### Task requirements
Nothing should appear in the answer except the lines below from the line containing "trueBrowns Blue Cotton" through the line containing "My Hero Academia", copied exactly, with pictures left out.

### Exercise materials

━━━━━━━━━━━━━━━━━━━━━━━━━━━━━━

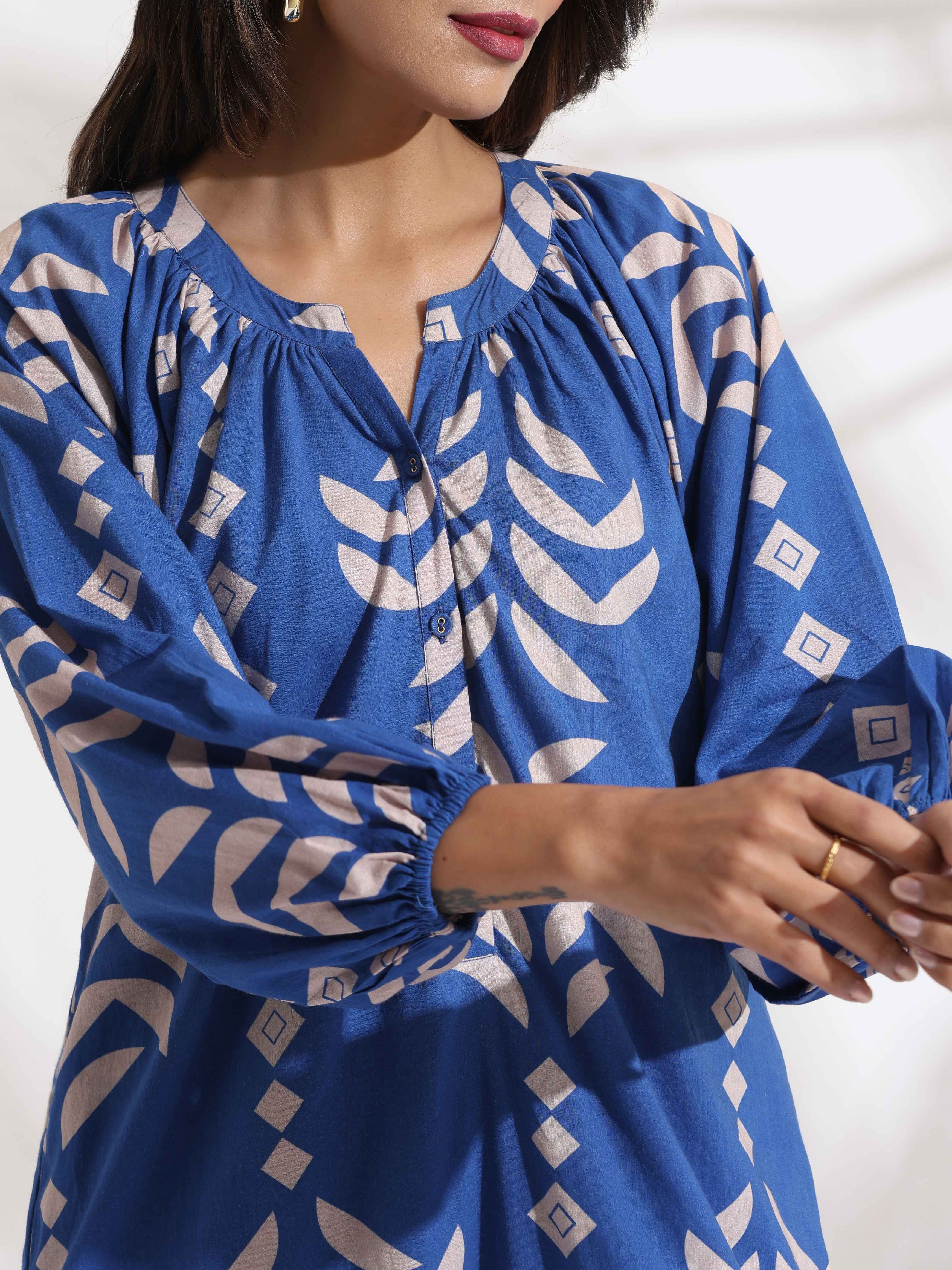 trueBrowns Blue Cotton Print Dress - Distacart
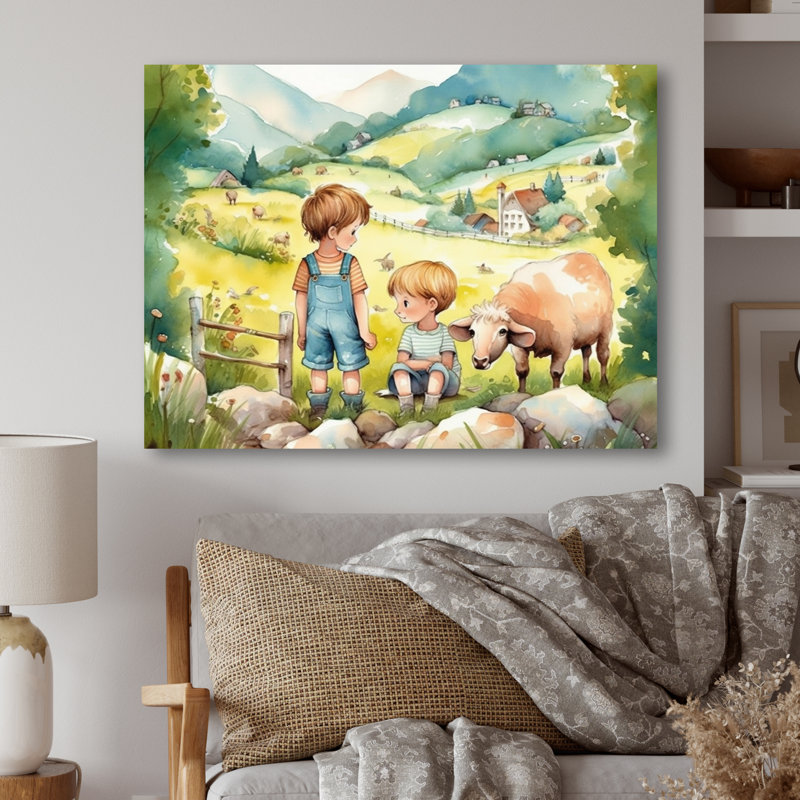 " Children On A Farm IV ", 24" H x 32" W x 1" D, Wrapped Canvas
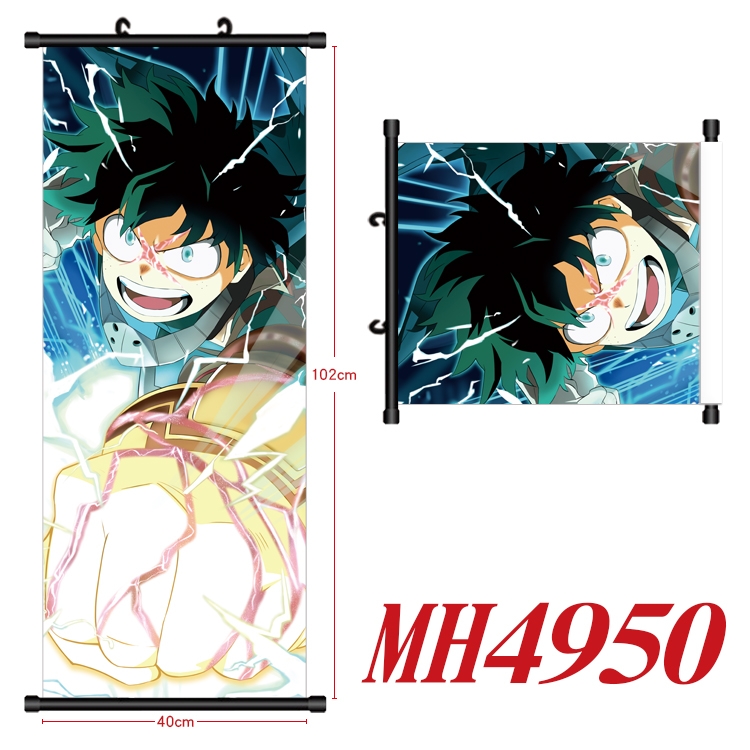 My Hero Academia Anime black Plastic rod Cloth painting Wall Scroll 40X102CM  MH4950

━━━━━━━━━━━━━━━━━━━━━━━━━━━━━━

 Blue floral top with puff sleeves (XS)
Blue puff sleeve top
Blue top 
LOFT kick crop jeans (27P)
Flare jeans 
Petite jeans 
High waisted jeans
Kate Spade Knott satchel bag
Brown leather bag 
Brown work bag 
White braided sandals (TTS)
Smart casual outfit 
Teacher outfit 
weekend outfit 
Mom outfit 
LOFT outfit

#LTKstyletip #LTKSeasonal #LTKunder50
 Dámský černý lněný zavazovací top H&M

━━━━━━━━━━━━━━━━━━━━━━━━━━━━━━

### Response to this task
 trueBrowns Blue Cotton Print Dress - Distacart
 " Children On A Farm IV ", 24" H x 32" W x 1" D, Wrapped Canvas
 My Hero Academia Anime black Plastic rod Cloth painting Wall Scroll 40X102CM  MH4950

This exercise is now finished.